## DATA EXTRACT
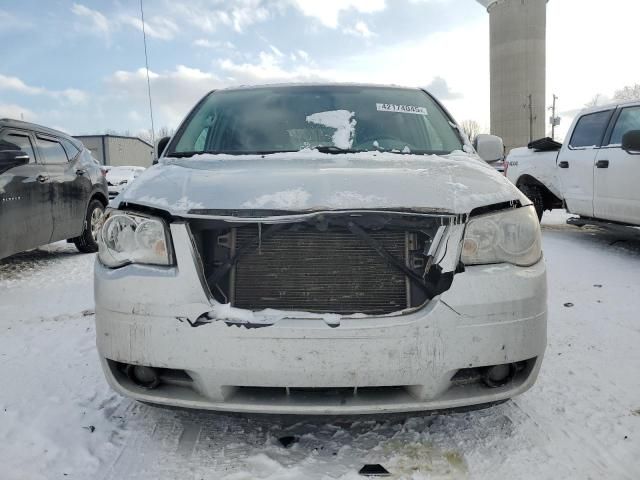 2009 Chrysler Town & Country Touring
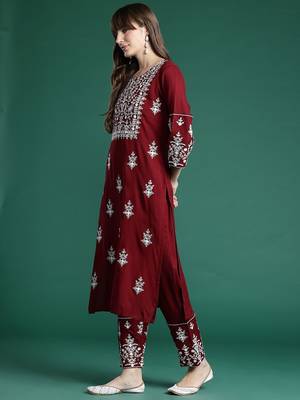 Ethnic Motifs Embroidered Thread Work Kurta With Trousers & Dupatta 5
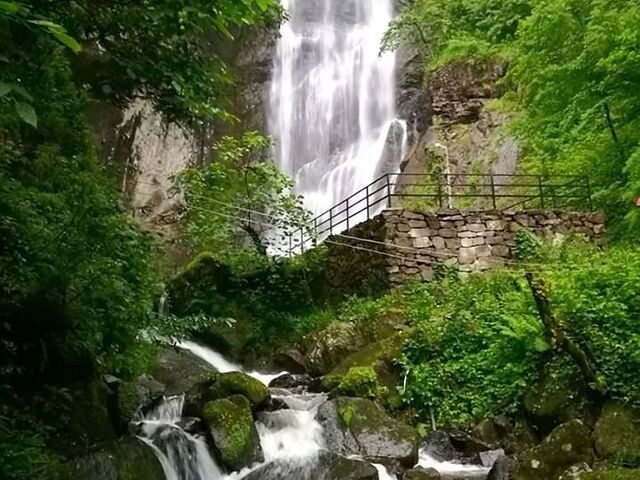 İkonik Batum Kutaisi  Turu |  2 Gece Konaklamalı Esenboğa Havalimanı Hareketli Sevgililer Günü Özel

## YOUR OBJECTIVE
Output all lines above precisely. Pictures are to be left out.

## TASK RESPONSE
 2009 Chrysler Town & Country Touring
 Ethnic Motifs Embroidered Thread Work Kurta With Trousers & Dupatta 5
 İkonik Batum Kutaisi  Turu |  2 Gece Konaklamalı Esenboğa Havalimanı Hareketli Sevgililer Günü Özel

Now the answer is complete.